◆ **TASK DESCRIPTION**
Emit the data below verbatim, stripping out any pictures.

(Beginning of INFORMATION SUPPLIED)

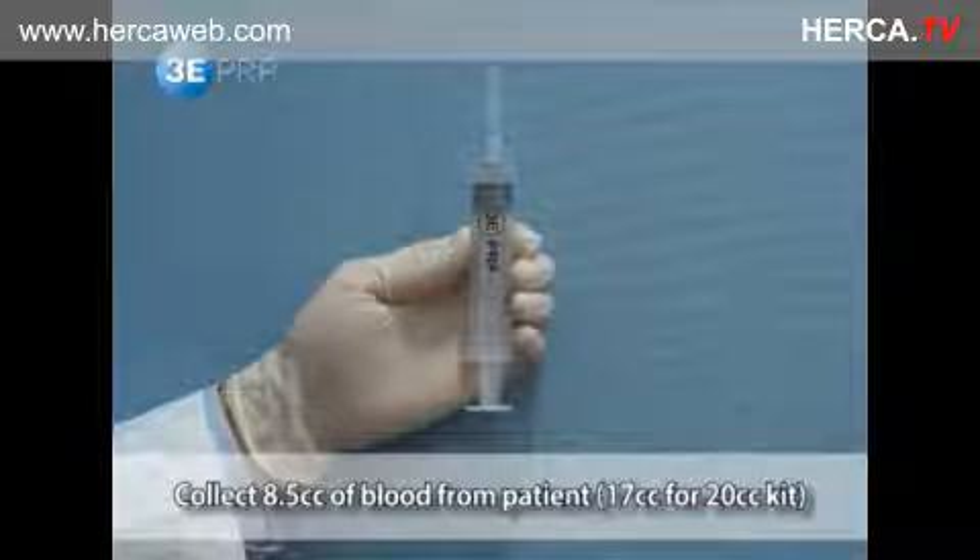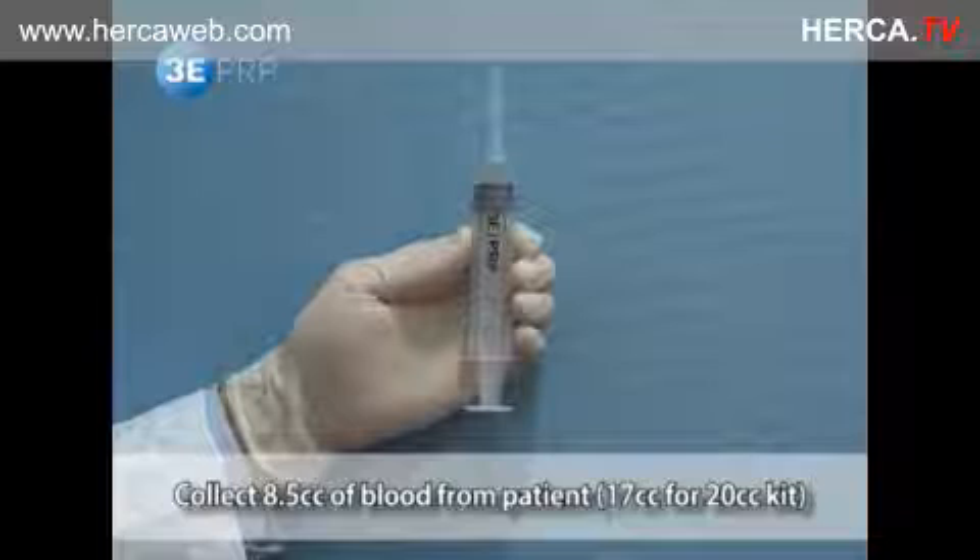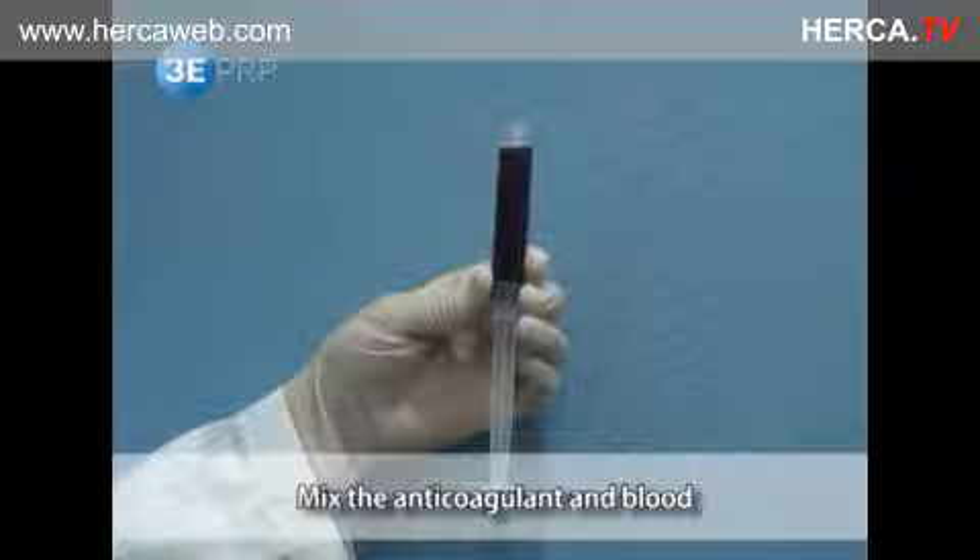Replace the needle and collect 8.5cc of blood from the patient. Remove the needle and seal the entrance with the cap.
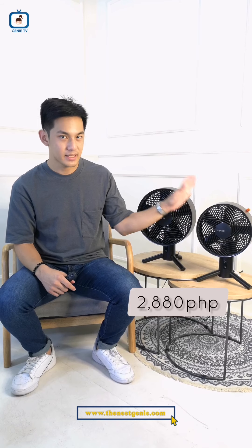So let's go ngayon sa mga features niya. Yung Spin 10, it's actually priced at 2,880 and is the basic fan — wala siyang kasamang remote, na ito lang kasama sa Spin 12. Ang Spin 12 naman is 3,800 pesos.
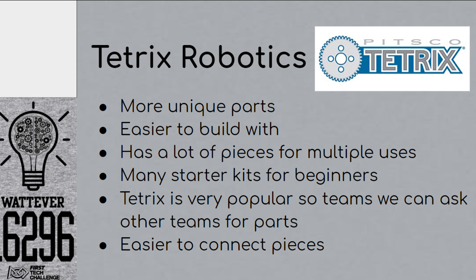However, the only downside was that Tetrix pieces couldn't handle much weight and would bend or break under extreme pressure. Tetrix is very popular with other teams, and we could ask other teams for extra parts. It was very easy to connect the parts together and helped us understand the basics of building a robot.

(End of INFORMATION SUPPLIED)

◆ **EXERCISE RESPONSE**
Replace the needle and collect 8.5cc of blood from the patient. Remove the needle and seal the entrance with the cap.
So let's go ngayon sa mga features niya. Yung Spin 10, it's actually priced at 2,880 and is the basic fan — wala siyang kasamang remote, na ito lang kasama sa Spin 12. Ang Spin 12 naman is 3,800 pesos.
However, the only downside was that Tetrix pieces couldn't handle much weight and would bend or break under extreme pressure. Tetrix is very popular with other teams, and we could ask other teams for extra parts. It was very easy to connect the parts together and helped us understand the basics of building a robot.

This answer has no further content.